My life has completely flipped. Don't get me wrong, I still wanna be a mom to children on earth someday, but wow do I love working.
I love waking up knowing I have a purpose each day.
I love driving into work with coffee in my hand, walking downtown to our office.
I love helping others at my new job.
I love working with actual ADULTS.
Yes of course I loved being a nanny and miss it some days, but if I hear Cocoa Melon one more time I think I might explode.
Which brings me to this post.
Two years ago, after losing baby girl (loss #2), I remember sitting on the toilet, watching the blood of my pregnancy leave my body, saying
I can't believe this is my life
(as depressing as that sounds). But it's true. I couldn't believe I was going through another loss after everything that has happened with Isaiah.
I couldn't believe we were that couple that was struggling to get pregnant.
I couldn't believe I didn't have children yet.
But just the other day, as we were finishing up our weekly Zoom meeting at work, with a smile on my face, I thought to myself
I can't believe this is my life.
I can't believe I am thriving at a job I never thought I'd have.
I can't believe my marriage is better than ever even after everything we have been through.
I can't believe I am feeling fulfilled even without children by my side.
I can't believe I'm happy.
Like genuinely happy.
After each loss, I always worried I wouldn't be happy in life without children. I always thought I was meant to be a mom currently where I'm at in life.
Maybe I was wrong.
Maybe I am meant to be a working mom. Maybe I needed to find my dream job before becoming a mom.
What I'm trying to get at is life is all about perspective.

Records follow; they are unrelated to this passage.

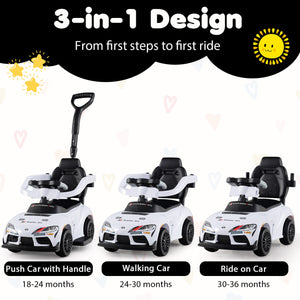 3-in-1 Toyota Licensed Foot-to-Floor Stroller Sliding Walking Toy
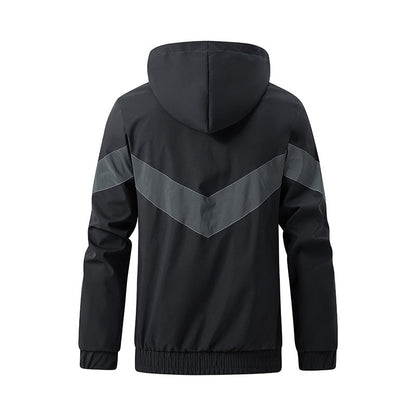 Herren Freizeitjacke Sportlich Modern Grau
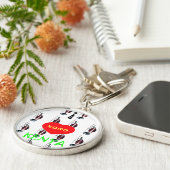 Ik hou van Kenia Masai Art Print Sleutelhanger (Zijkant)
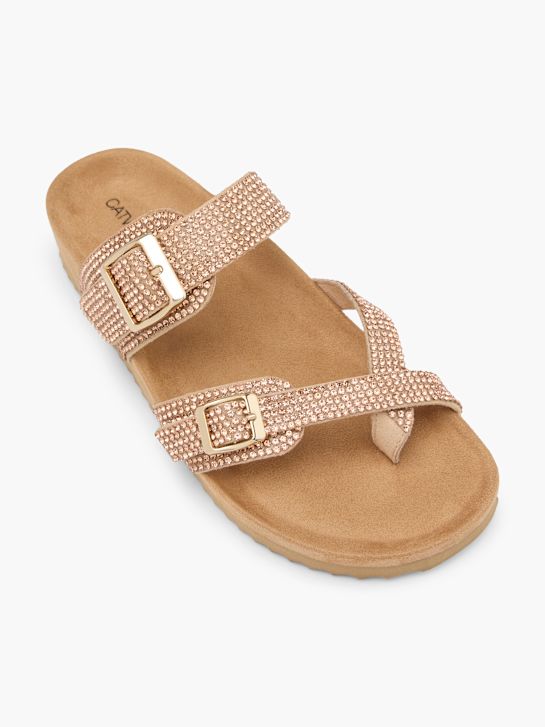 Catwalk Zehentrenner Beige 68961 2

Who knows what my life will look like two years from now...I'm just excited to find out.
baby dust,
s.
What you've gone through, yes the hard stuff, the pain, has made you a stronger woman. A woman who will be much better prepared to be a mother when that time comes. As I read your recent post, I kept saying "wow, wow, wow!" So proud of you. And so happy YOU made this dream job happen - just you!❤️
Life becomes so much richer and fuller when you find your place, your purpose, and your passion. Happy and PROUD of you!